His lecture, delivered at Carnegie Mellon on Sept. 18, 2007, has become of course, first a YouTube phenomena and later a best seller book. His down-to-earth advice on growing up (he was grateful for being allowed to paint pictures on his walls), thoughts of his wife, on never giving up no matter how many brick walls must be confronted, struck a chord with millions of viewers and readers.

Amongst the remaining wishes of his life the professor mentioned wanting to experience floating in the weightlessness of zero-gravity. And there we are, confronted once again that for so many of us, there is something special about the frontier of space, a place as filled with gigantic planets and inconceivable forces, as with the wonder of floating and flying and running along alien surfaces.

Dr. Pausch realized that particular dream: NASA allowed him on one of their KC-135 zero-gravity missions. Even there he had to overcome yet another metaphoric brick wall. When his students in a virtual reality program won the right to fly aboard a KC-135 flight, it was understood that faculty members were not allowed. So Dr. Pausch applied as a journalist covering the mission to experience the thrill of zero-gravity.

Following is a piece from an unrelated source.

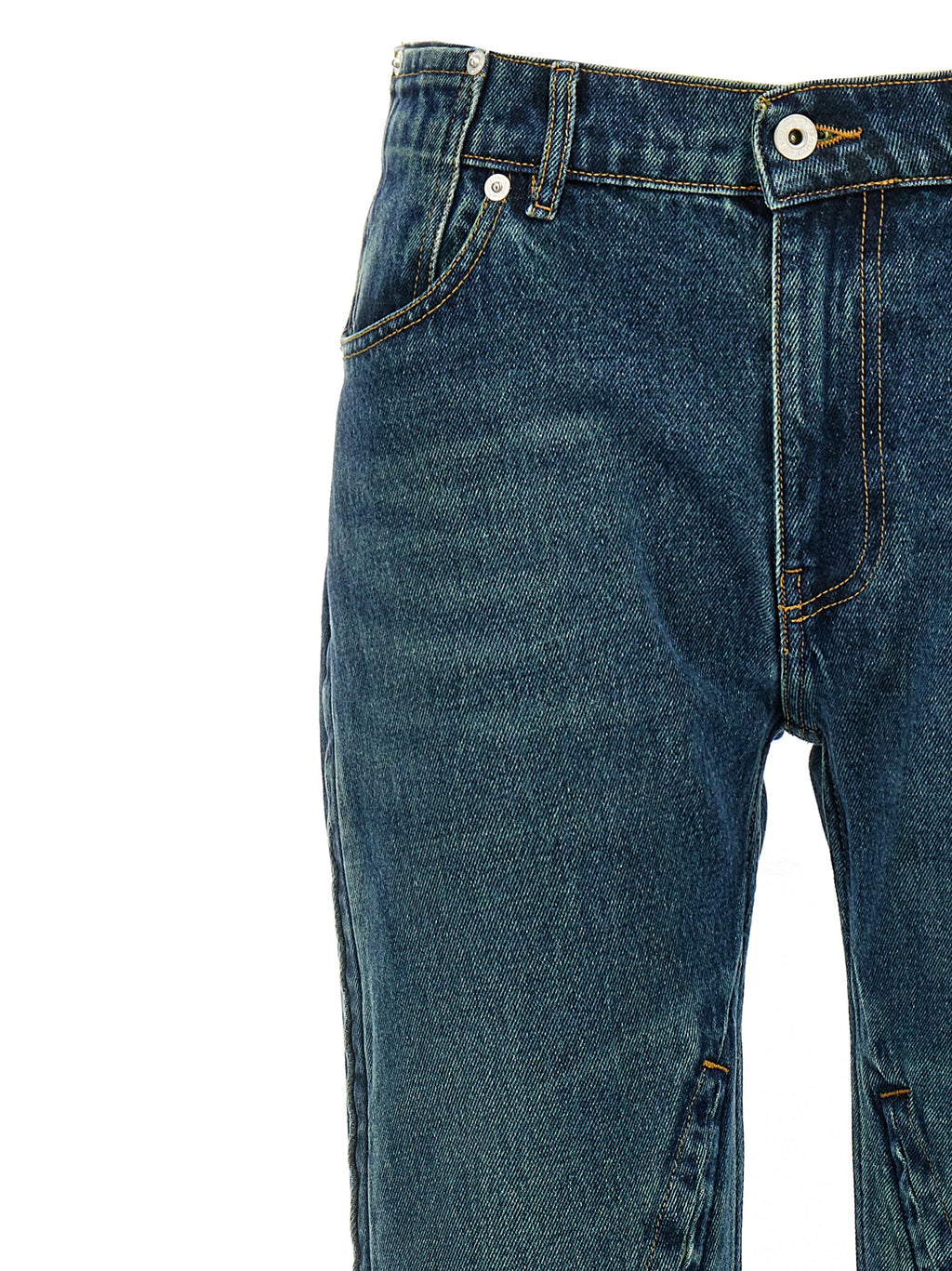 Blue Cotton Flared Jeans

Taken for granted was his desire to play for a football team; work with Disney, or to take part in a Star Trek film. Yet for those who came of age in the glory of the Apollo program, there remains a life-long wonder of what was then accomplished. Let us hope that this feeling towards space travel, and the desire to personally experience it, never becomes extinguished.

NASA does these sort of things badly, but an educational zero-gravity program named after Dr. Randy Pausch would be a fitting memorial for a man who moved so many with his clear-eyed list of the priorities of life.